BEGIN Supplied material
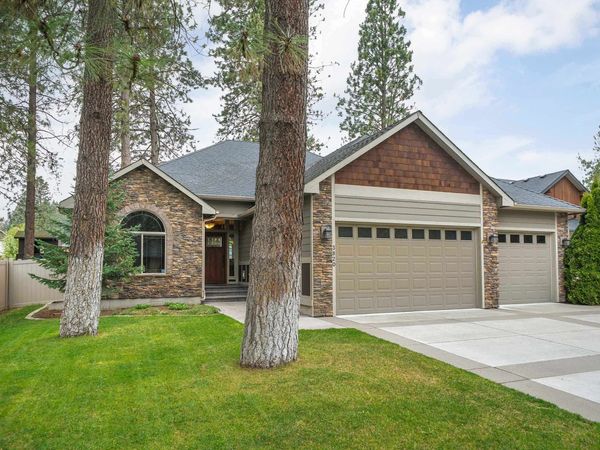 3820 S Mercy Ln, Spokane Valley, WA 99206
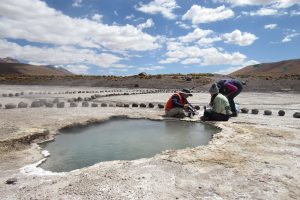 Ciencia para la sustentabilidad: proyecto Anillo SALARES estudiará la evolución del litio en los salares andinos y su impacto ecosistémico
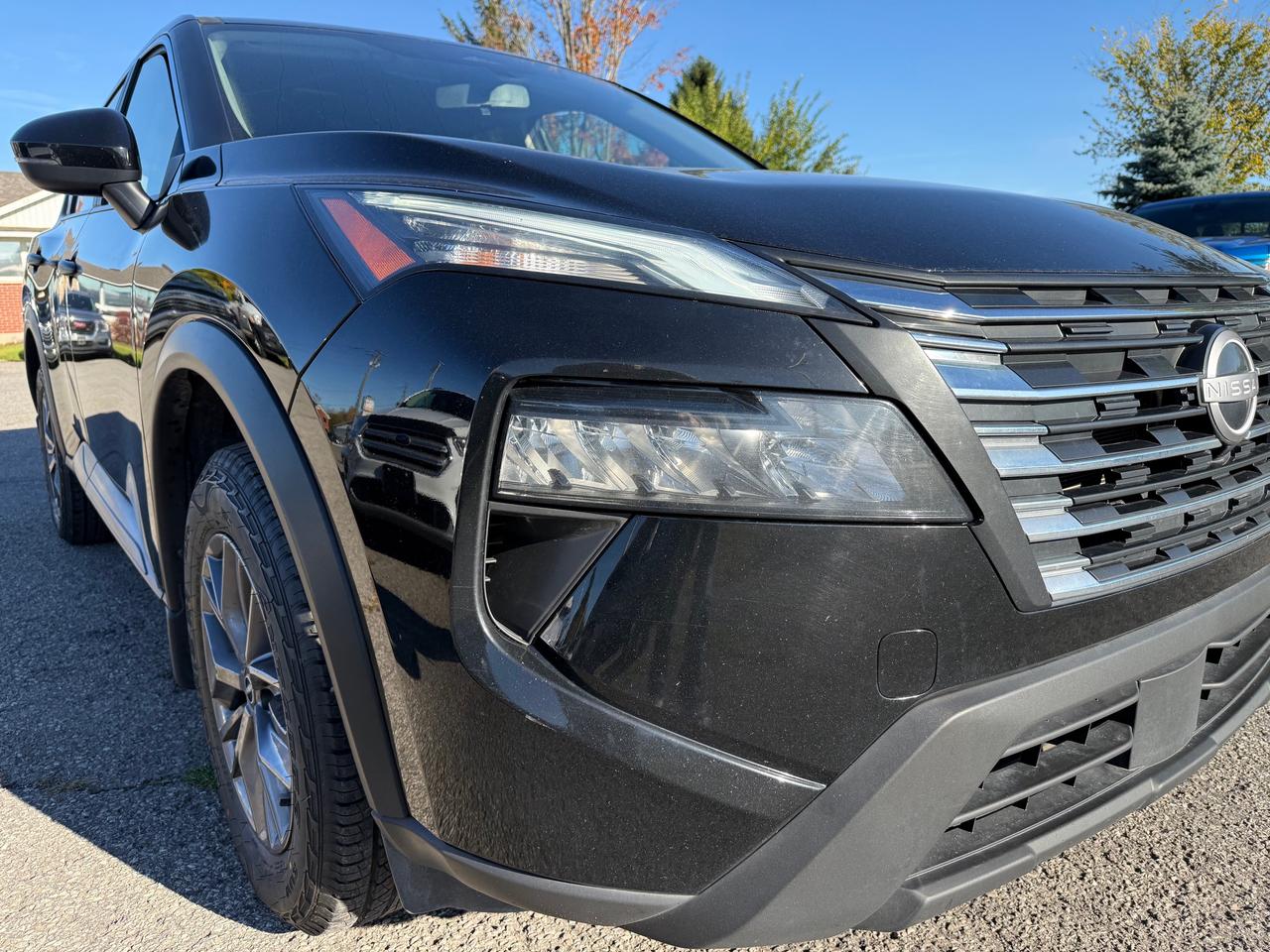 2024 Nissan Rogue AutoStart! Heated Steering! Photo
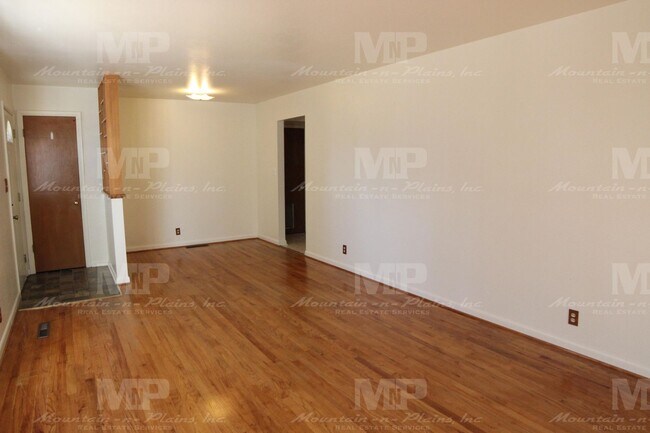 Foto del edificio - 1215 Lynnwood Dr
END Supplied material
## What is needed
Each line above must be repeated exactly in the answer, with pictures omitted.

## Solution
 3820 S Mercy Ln, Spokane Valley, WA 99206
 Ciencia para la sustentabilidad: proyecto Anillo SALARES estudiará la evolución del litio en los salares andinos y su impacto ecosistémico
 2024 Nissan Rogue AutoStart! Heated Steering! Photo
 Foto del edificio - 1215 Lynnwood Dr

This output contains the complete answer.